В большой моде были театрализованные представления с участием курфюрста и его супруги. Чаще всего изображалась жизнь гостиниц, в которой Август с супругой изображали гостеприимных хозяев, их свита – прислугу, а принцы и принцессы выступали в роли деревенских женихов и невест, сельских священников, судей и т. п. По вечерам по улицам Дрездена проносился кортеж позолоченных саней из 50—60 цугов с орущими во всё горло ряжеными с горящими факелами в руках, но никто не возмущался и не поднимал голоса недовольства. Курфюрст развлекался!

Саксонские дворяне были богаты, великолепно одеты и обладали утончёнными манерами. Роскошь проникала в самые низшие слои, особенно в одежде. Сапожники или портные полагали дурным тоном являться на свадьбу пешком и нанимали экипаж. Духовенство пыталось «урезонить» свою паству и заставить её думать о вечном. Пасторы посылали с амвонов и кафедр в адрес «богоотступников» громы и молнии, но всё было бесполезно. Саксонское общество определённо сходило с ума и вместе со своим монархом думало лишь о земном, о сиюминутном.
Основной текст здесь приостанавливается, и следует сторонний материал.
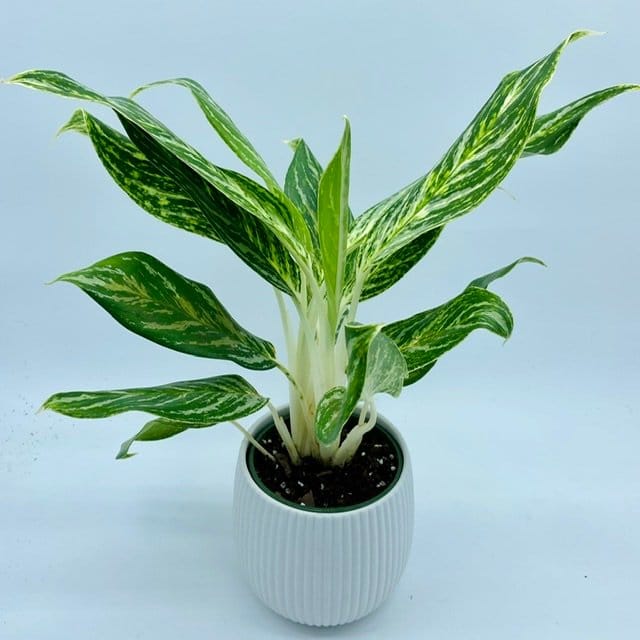 Plants Villa - Aglaonema Lightning_White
Свои досуги Август II делил между верховой ездой, фехтованием, стрельбой, танцами, борьбой, охотой, играми и женщинами. За 20 лет нахождения у трона саксонским двором было убито не менее 100 000 зверей, из них 2000 волков и медведей. Травля зверей в Дрезденском цирке по своим размахам не уступала забавам римских императоров. Август своими руками ломал подковы, сплющивал серебряные кубки, свёртывал в трубки серебряные тарелки и даже монеты. Его звали саксонским Геркулесом и дали прозвище Сильный.

Это был чувственный король-волокита, о его амурных похождениях ходили легенды. Сестра Фридриха Великого маркграфиня Байретская в своих мемуарах писала о том, что у Августа было 354 внебрачных ребёнка, а один профессор приписывал ему 700 любовниц. Маркграфине можно было верить – ведь она была сестрой супруги Августа, королевы Христины-Эбергардины Байретской. Курфюрстина проходила бледной тенью по жизни Августа II, честно выполнив свой супружеский долг и оставив по себе единственную память – наследника Августа III, 1696 г.р.

В Мадриде на приёме у Карла II курфюрст как-то узрел прекрасную маркизу Манцер и воспылал к ней любовью. Он во что бы то ни стало решил добиться её любви. Сделать это было нелегко – у маркизы был ревнивый муж. Но саксонцу удалось подкупить камеристку маркизы, донну Лору, которую он превратил в своего курьера, поставлявшую своей хозяйке письма и подарки. В конце концов, маркиза сдалась и пустила курфюрста в свою спальню.

Маркиз Манцер прознал про измену жены и нанял трёх наёмных убийц, которым поручил убить курфюрста. Они подкараулили его ночью в саду, когда Август шёл на свидание, и напали на него. Они нанесли ему несколько ударов кинжалом, но курфюрсту удалось выхватить пистолет и прострелить голову одному из громил. На шум подоспел слуга Августа, вместе они подстрелили ещё одного убийцу, а третьего ранили.

Ловелас отделался небольшими ранениями, а уязвлённый Манцер, узнав, что покушение не удалось, решил действовать иначе. С кинжалом в одной руке и кубком с ядом в другой он вошёл в будуар жены и заколол присутствовавшую там донну Лору, а жене предложил выбор между кинжалом и ядом. Супруга предпочла яд. После смерти жены маркиз свалился в горячке и вскоре последовал за своей женой в мир иной. Август же из Испании отправился в Италию, чтобы одерживать и там новые победы над женщинами.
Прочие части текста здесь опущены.